- **TASK INSTRUCTIONS**
When you reach a picture, pass over it; otherwise repeat the listing word for word.

- **DATA**
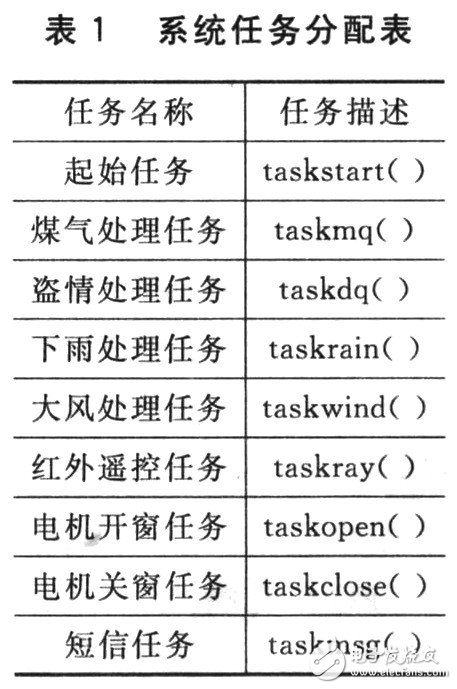  基于Crotex-M3及μC/OS-II的自動(dòng)智能防盜窗設(shè)計(jì)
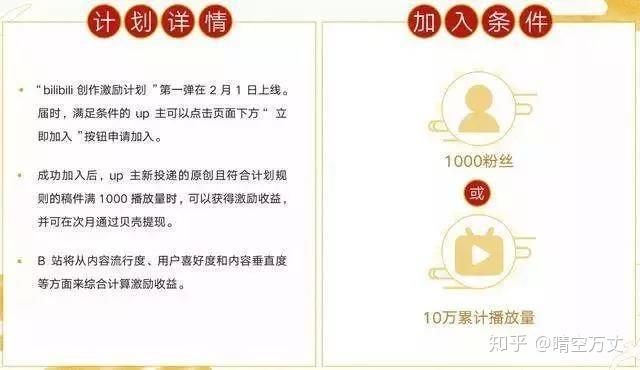 b站up主怎么收益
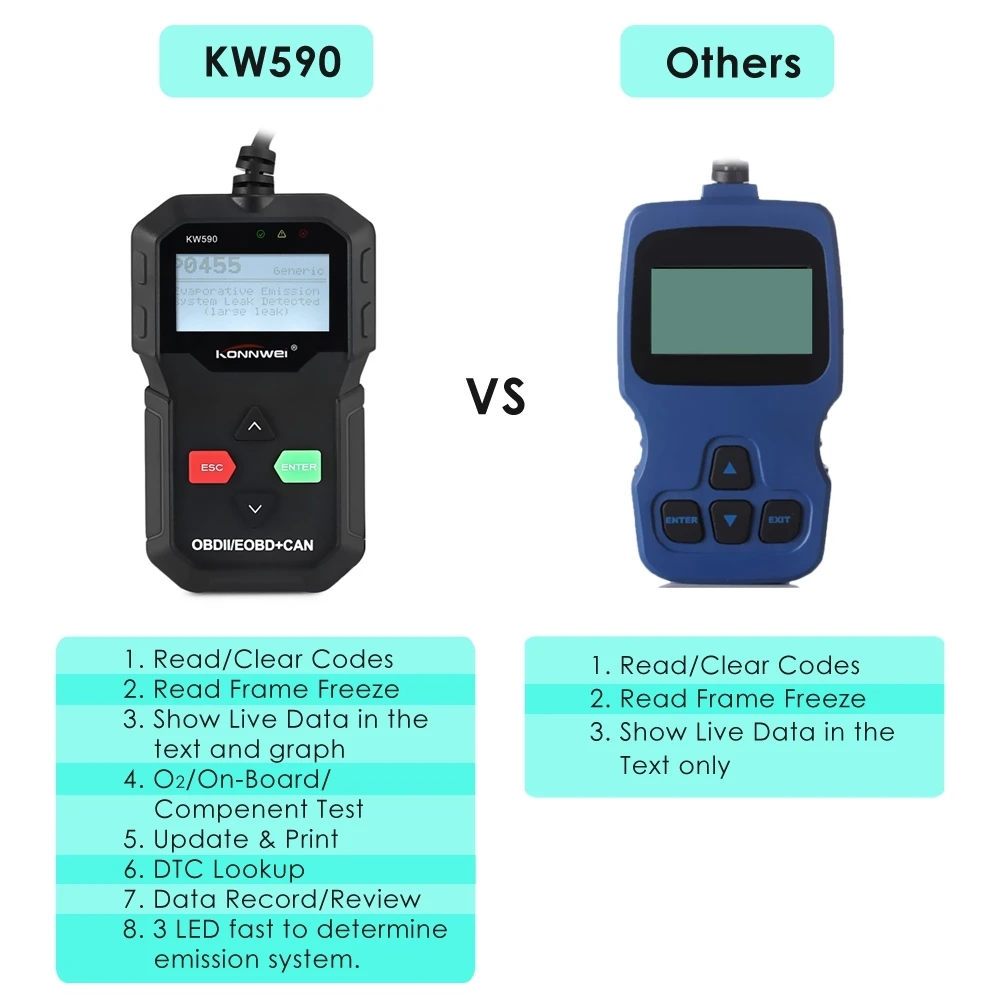 KONNWEI KW590 OBDII/EOBD 12 В может считыватель кода поддержка компьютерная система протокол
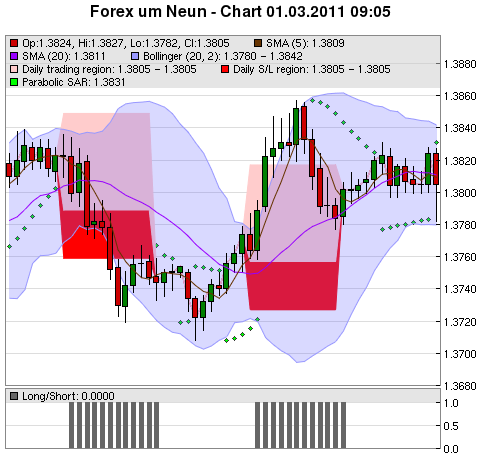 FOREX Chart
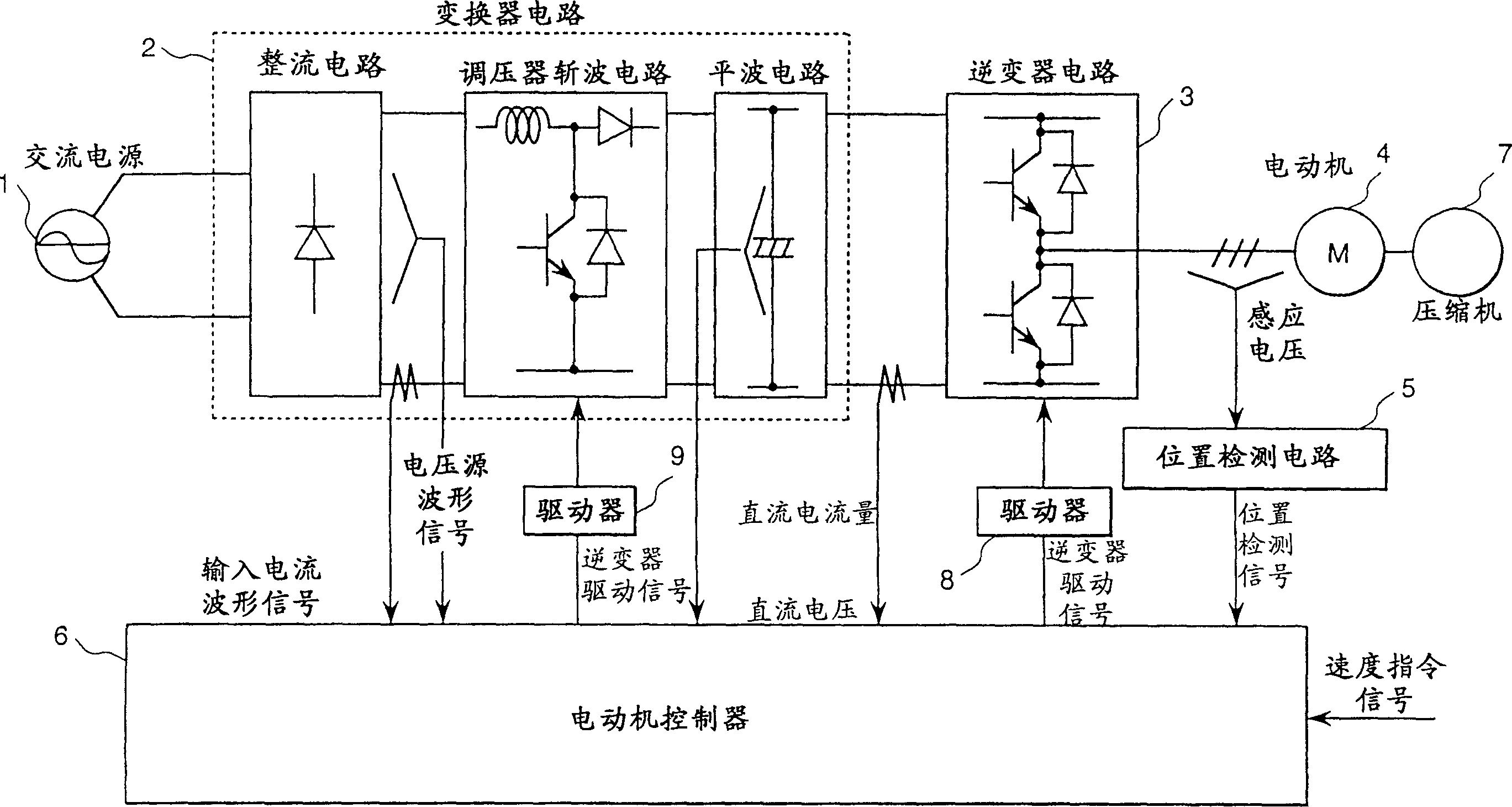 Controller for PWM/PAM motor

- **WRITTEN RESPONSE**
  基于Crotex-M3及μC/OS-II的自動(dòng)智能防盜窗設(shè)計(jì)
 b站up主怎么收益
 KONNWEI KW590 OBDII/EOBD 12 В может считыватель кода поддержка компьютерная система протокол
 FOREX Chart
 Controller for PWM/PAM motor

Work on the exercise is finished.